Size and Weight: The size and weight of the projector is also something that you might want to take under consideration, but not that important to some, it will all depend on where you intend on putting the projector. Most projectors can be mounted from the ceiling, or they can just rest on a table if need be. If you plan on mounting it from the ceiling you'll need to take that into consideration as you'll most likely need to buy mounting hardware for it and have a ceiling that can support the weight. If you're not ceiling mounting the projector you'll need to have ample space around it for good airflow as they tend to get very warm when running.

Lamp Life and Replacement Cost: One of the biggest things that people overlook and gripe about before and after buying a projector is the Lamp cost and life. A replacement lamp for a projector can cost anywhere from a couple hundreds dollars to thousands of dollars, it's certainly not something that I would want to be changing frequently at that cost. The average Lamp life is anywhere between 1,000 and 2,000 hours with of course times where it may be higher or lower than that so you can do yourself a big favor and do a bit of research into the average lamp life of the projector you intend on buying.
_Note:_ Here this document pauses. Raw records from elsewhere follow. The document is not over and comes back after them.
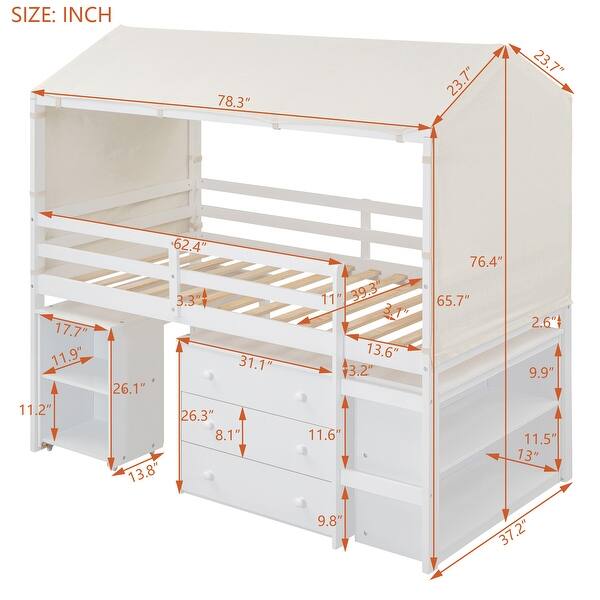 Twin Size House-Shaped Wood Bed Low Loft Bed with Desk & Shelf, Unique Kids Bed Tent Bed with Drawer and Roof for Boys Girls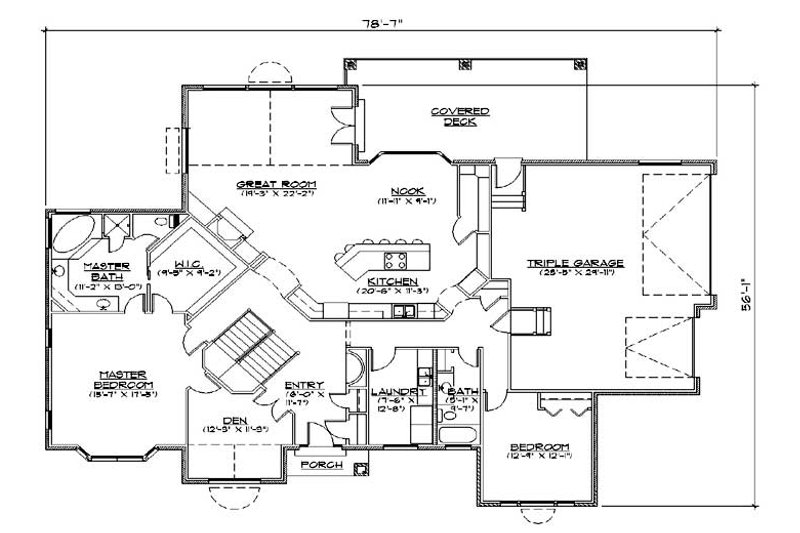 Architectural House Design - Floor Plan - Main Floor for European House Plan #5-290 - 5 bed, 4 bath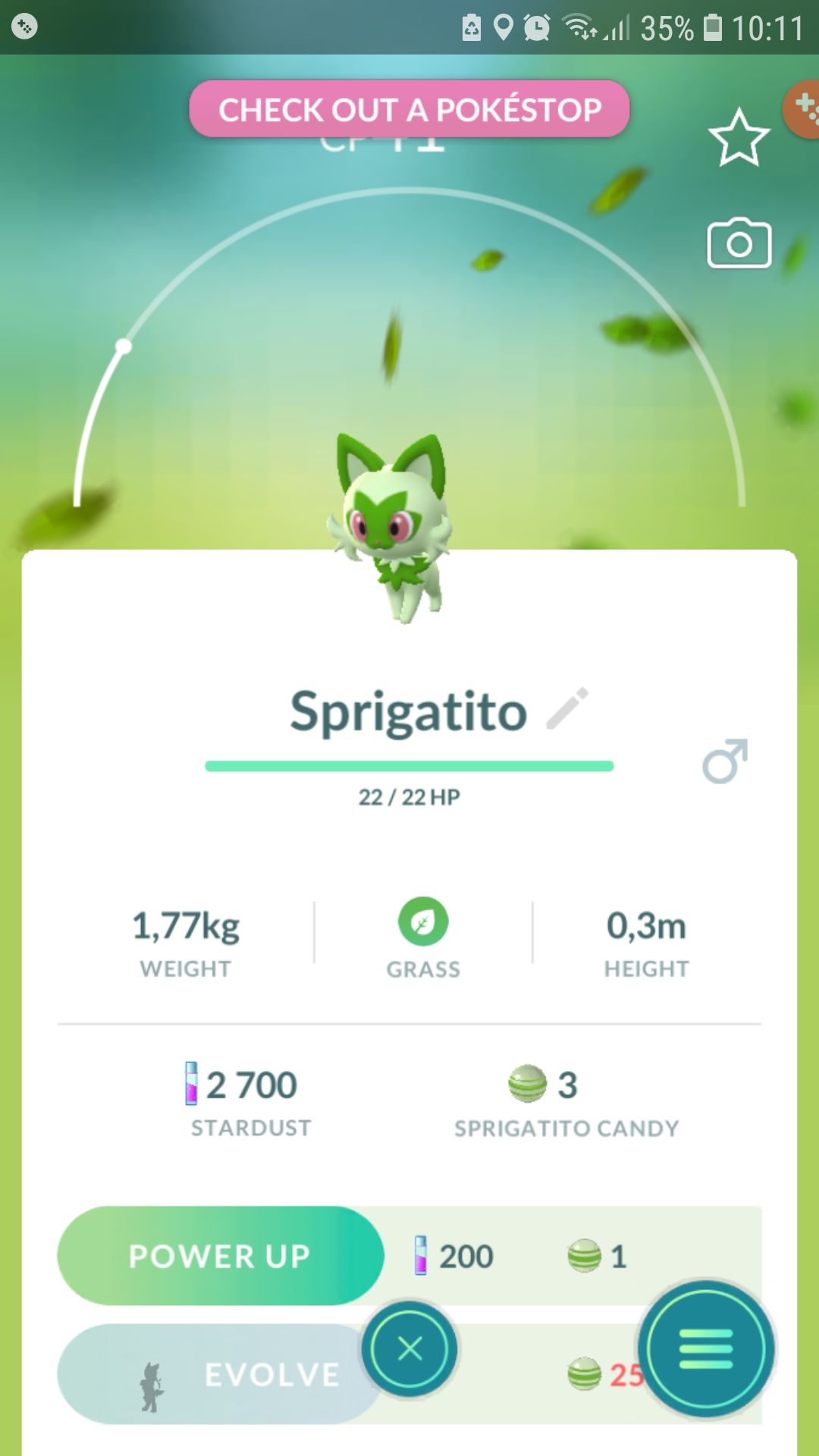 بازی موبایل واقعیت افزوده Pokemon GO sprigatito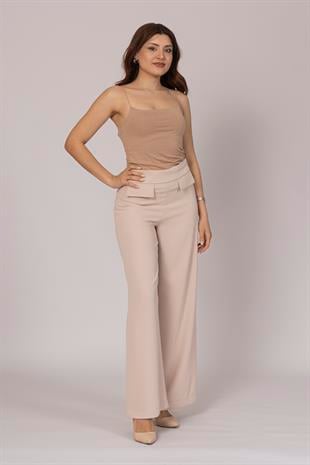 Ön Süs Cep Kapaklı Bol Paça Pantolon 30245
Of course you might want to look at the cost of replacing said bulb as well as that can be a very costly expense depending on the lamp being used by the projector.
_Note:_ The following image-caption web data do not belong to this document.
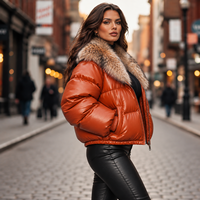 Veste matelassée d'hiver pour femme en cuir véritable à carreaux, coupe-vent, avec col en fourrure de renard amovible, style streetwear, fermeture éclair, 85% fine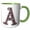 Green/White, variant on 3drose, Pretty Image of Ruby Jeweled Monogram Letter A, 11oz Two-tone Red Mug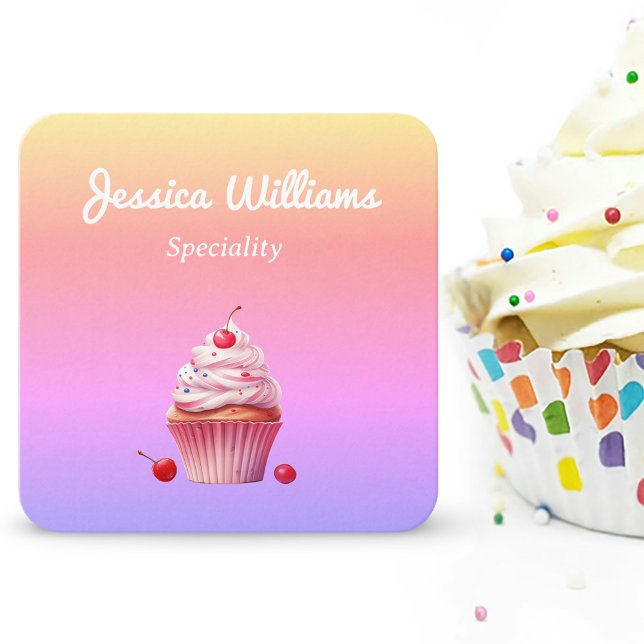 QR code Cupcake home bakery light gradient  Square Business Card (Hologram design for Cupcake home bakery  Business Card)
--There are newer projectors on the market today that use LEDs instead of the traditional lamps, with these types you'll never need to replace the bulb essentially, most have a rating of 10,000+ hours on them but they're not really made for large screens but can do about 60 inches diagonally very well.

Features of the Projector: What features do you want or need in a projector? And I don't just mean options to change the settings, I mean like wireless capabilities, networking, security controls or even changeable lenses.

The Remote: This is probably the most overlooked thing when considering purchasing a projector, and probably the most minor feature as well, but a remote with back lighting can be a great thing if you are watching you're movies in the dark. You don't want to be fumbling around with a remote in the dark or have to turn the lights on to access the buttons do you? Make sure the projector you are interested in comes with a fully featured remote that includes back lighting to make accessing the remote functions much easier in the dark.

Of course the best advice I can give is to do some research into the Projector that you wish to buy, with the popularity of projectors on the rise many sites have sprung up online that specialize in projectors and there you can learn the pros and cons about them.

One of the best things you can do when purchasing a projector is to see it in action, if you can go to a store where they sell the projectors you are interested in, ask them to demo them for you so you can truly see how well they work under various lighting conditions.